El caso es que no he podido seguir el Debate como a mí me gusta, a pie de pista; Viendo las caras de unos y otros y husmeando en los corrillos improvisados que se montan en los pasillos. Porque no se engañen, ahí es donde verdaderamente se toma el pulso político a la ciudad.
La red me ha permitido seguir desde la distancia los desmanes políticos de unos pocos representantes de los ciudadanos. Ese invento, y el de los SMS, me han permitido mantenerme en contacto con un salón de plenos que ha vivido más de lo mismo.

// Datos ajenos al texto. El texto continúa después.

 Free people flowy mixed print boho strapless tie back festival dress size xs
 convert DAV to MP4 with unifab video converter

Repasando mis post de hace un año y con motivo del primer debate sobre el estado de la ciudad, me pregunté: ¿Qué ha ganado Leganés con este Debate? Hoy vuelvo a hacerme la misma pregunta.

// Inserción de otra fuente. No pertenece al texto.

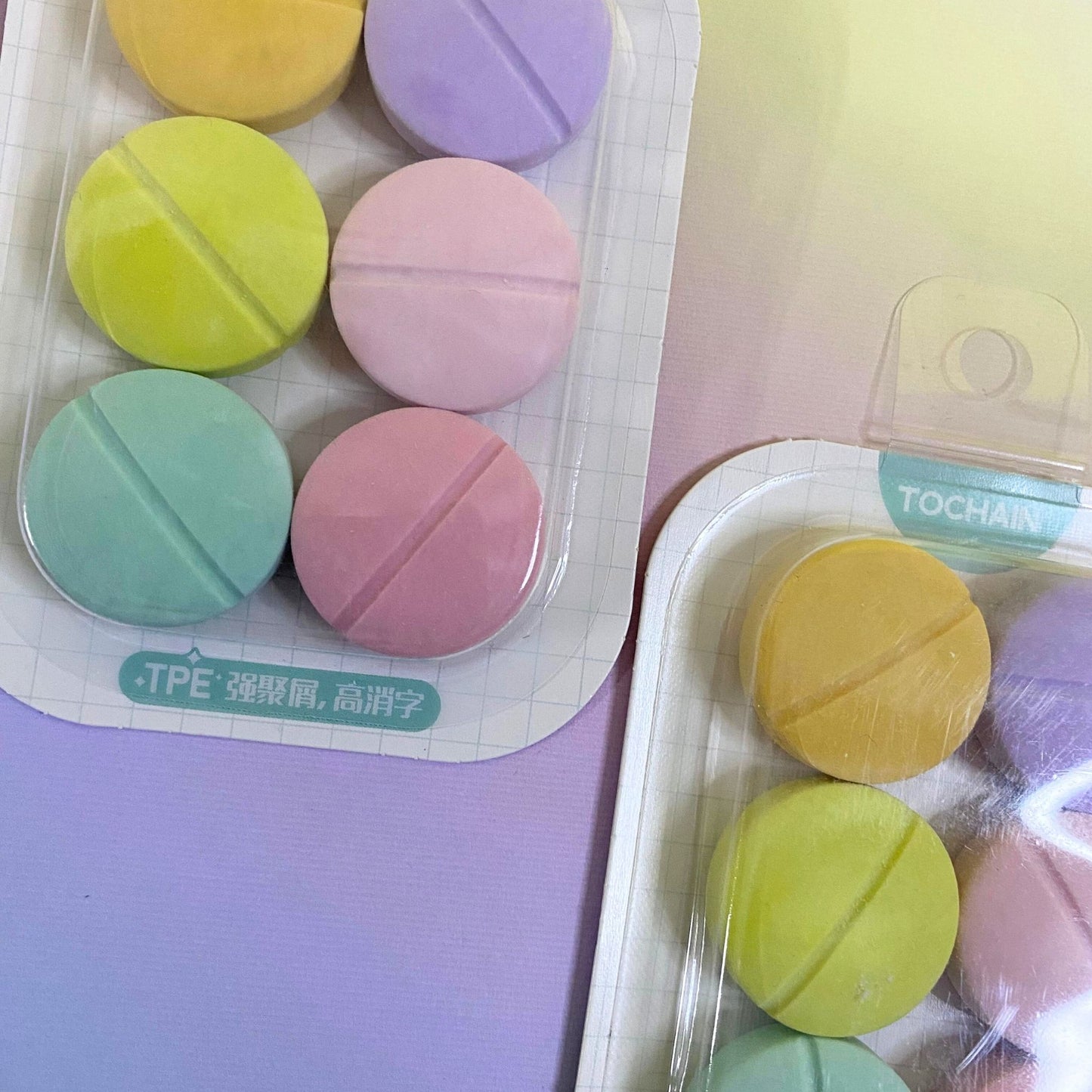 Pastel medicine eraser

El invento, lejos de ser un instrumento para aliviar estos tiempos difíciles, apenas ha servido para que unos y otros se arrojen los trastos a la cabeza: como el mes pasado, y el otro, y hace un año, y hace dos, y en 2007. La cosa cambia muy poco y si lo hace es a peor.

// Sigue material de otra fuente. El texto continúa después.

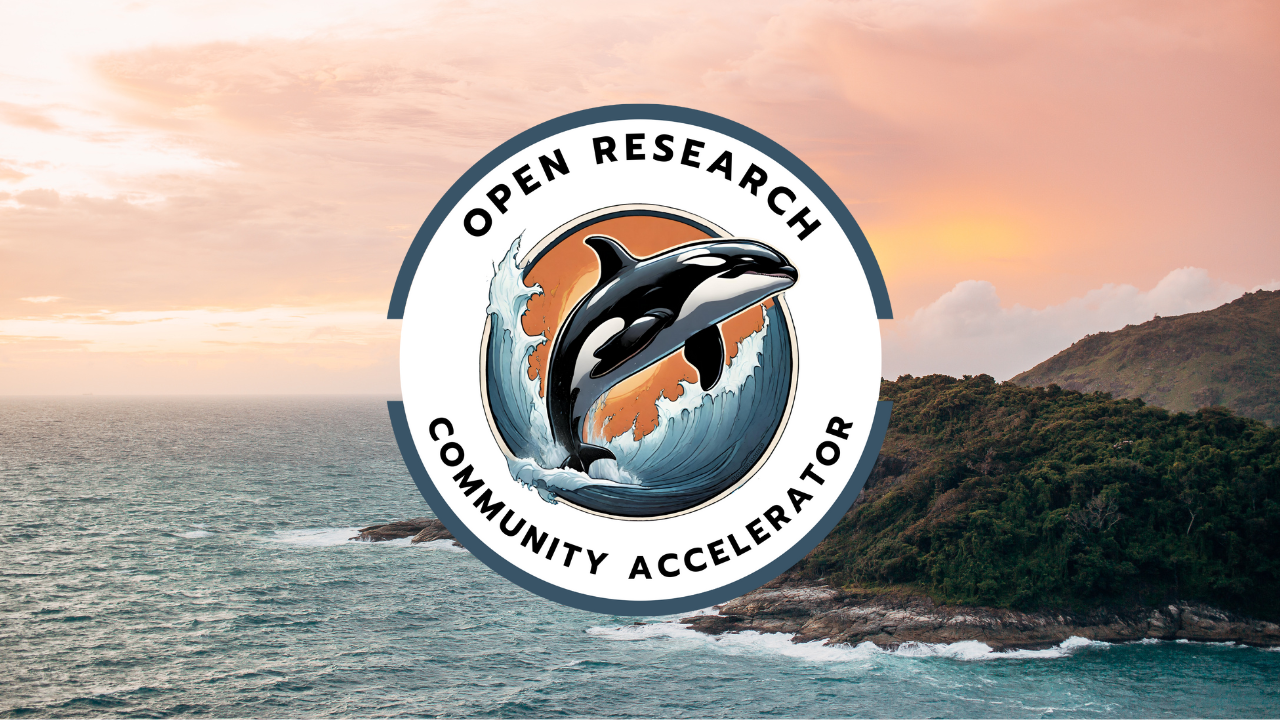 The Open Research Community Accelerator logo on a sunset beach background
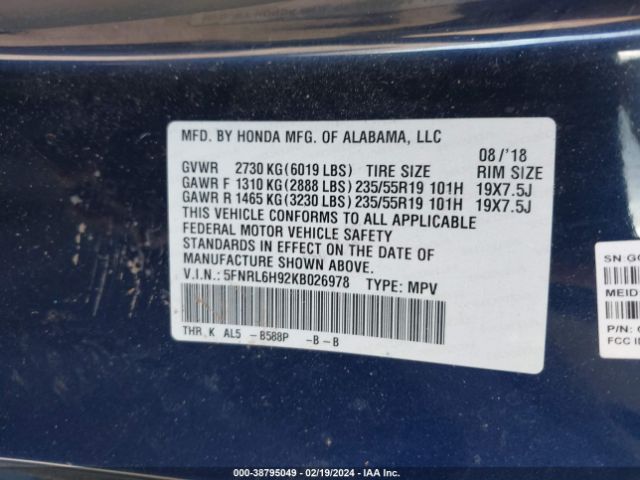 5FNRL6H92KB026978 Honda Odyssey Elite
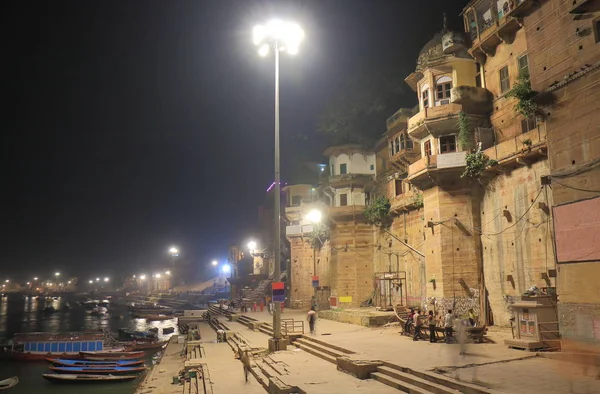 Ganges Rzeki Rana Mahal Ghat Nocna Panorama Varanasi Indiach — Zdjęcie stockowe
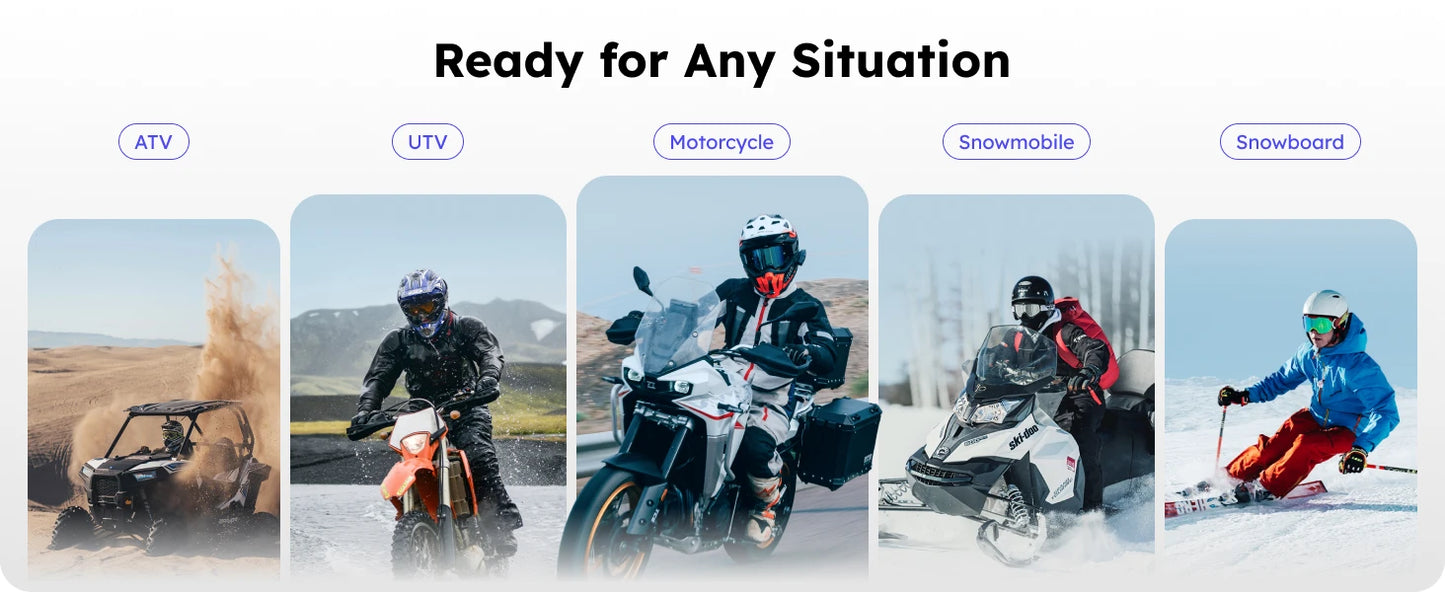 MAXRUNON D10 Motorcycle Bluetooth Intercom Helmet Headset 4 Riders Moto Group Interphone App AI Voice Control ENC IPX7 FM BT5.4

Ayer mismo, quien les escribe osó preguntar en rueda de prensa al alcalde si presentaría alguna medida novedosa en el Debate. Su respuesta: "comprenderá que no pueda adelantarlas, pero le aseguro que las habrá". A primera hora de la mañana ya les avancé que sus propuestas estrellas serían la creación de un Carnet Joven y la puesta en marcha del Consejo Social. Muy poca cosa para lo que se juegan en el envite.
El caso es que Rafa no estuvo para tirar cohetes, pero como habitualmente me dice un muy buen amigo: es mucho arroz para tan poco pollo. Y lo suscribo.
Empiezo por Jesús Gómez, portavoz del PP. Aprobado y vale. Sabía que tenía el listón muy bajo después de la que lió el año pasado hablando de "barcos" y debo decir que ha dado un paso adelante.
El portavoz de ULEG sigue hablando de su libro y creo que debería innovar un poco. El discurso tiende a caducarse y las elecciones están a la vuelta de la esquina con los rosados llamando a la puerta de los "mosqueados". Aún así sigue contando con mi reconocimiento: nunca uno hizo más que doce, salvo en Leganés.
Raúl Calle, portavoz de IU, aunque en ocasiones parecía un convidado de piedra entre tanto dardo envenenado, fue capaz de poner un poco de cordura entre tal desatino. El único que apostó por trabajar por y para Leganés. Las encuestas dan a IU la tranquilidad y el margen necesario para recuperar el espacio de la izquierda que por historia y tesón deberían ocupar.
Mi querido Antonio García, portavoz del PSOE, bastante tiene con lo suyo. No anduvo mal.